◆ About this task
Once you find the line with "Фотошоп или нет?" in the entries below, print it and each line after it up to and including the line with "Box Of 20 Fuchsia Decorative Daisy Flowers", exactly, without pictures.
[Dataset content Boundary: Start]
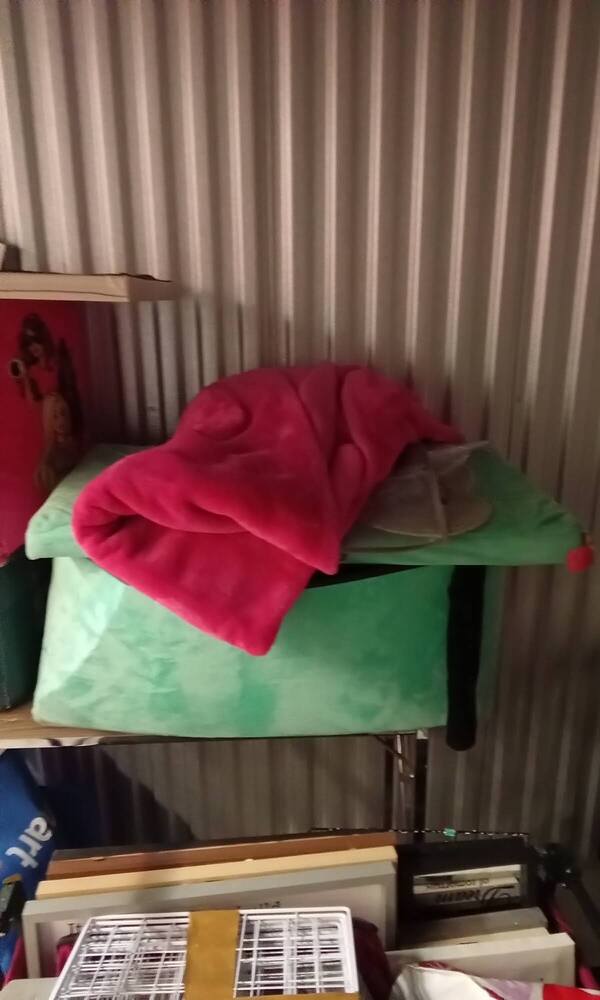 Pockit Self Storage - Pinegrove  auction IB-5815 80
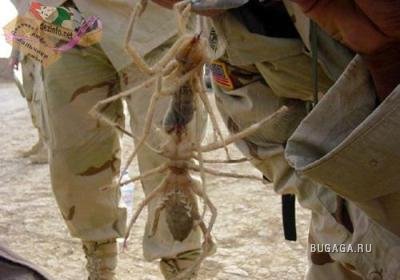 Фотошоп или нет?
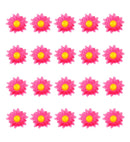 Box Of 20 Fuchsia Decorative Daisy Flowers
[Dataset content Boundary: End]
[Dataset content Boundary: Start]
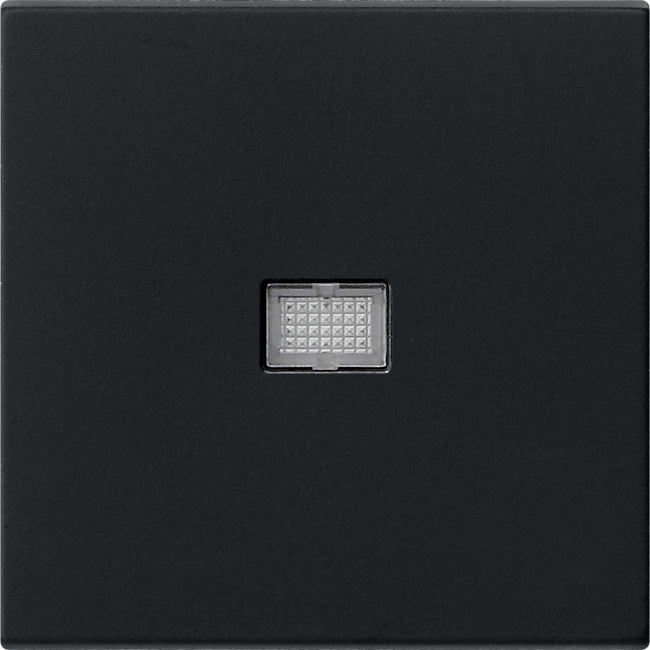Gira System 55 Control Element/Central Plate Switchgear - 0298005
[Dataset content Boundary: End]
[Dataset content Boundary: Start]
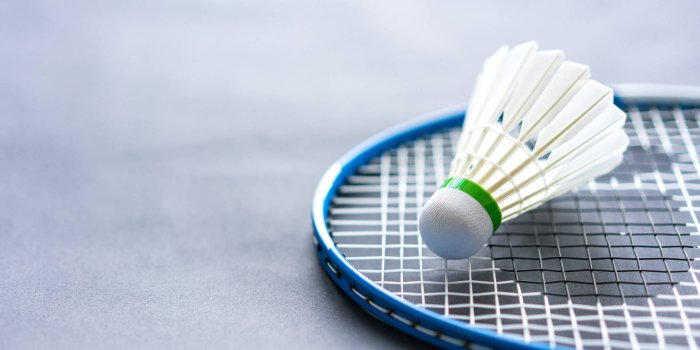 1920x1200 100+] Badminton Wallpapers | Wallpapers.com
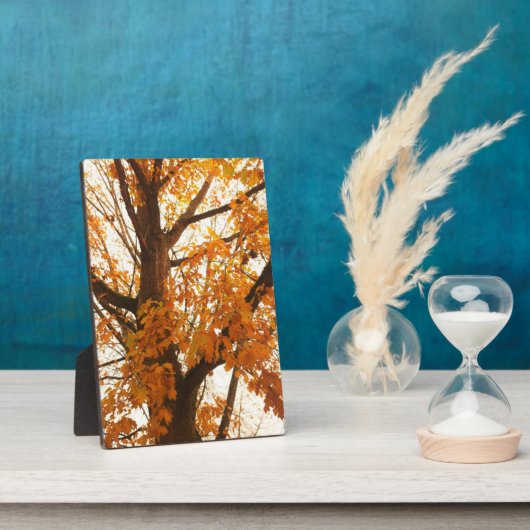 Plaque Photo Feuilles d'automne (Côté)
[Dataset content Boundary: End]
◆ Exercise result
 Фотошоп или нет?
 Box Of 20 Fuchsia Decorative Daisy Flowers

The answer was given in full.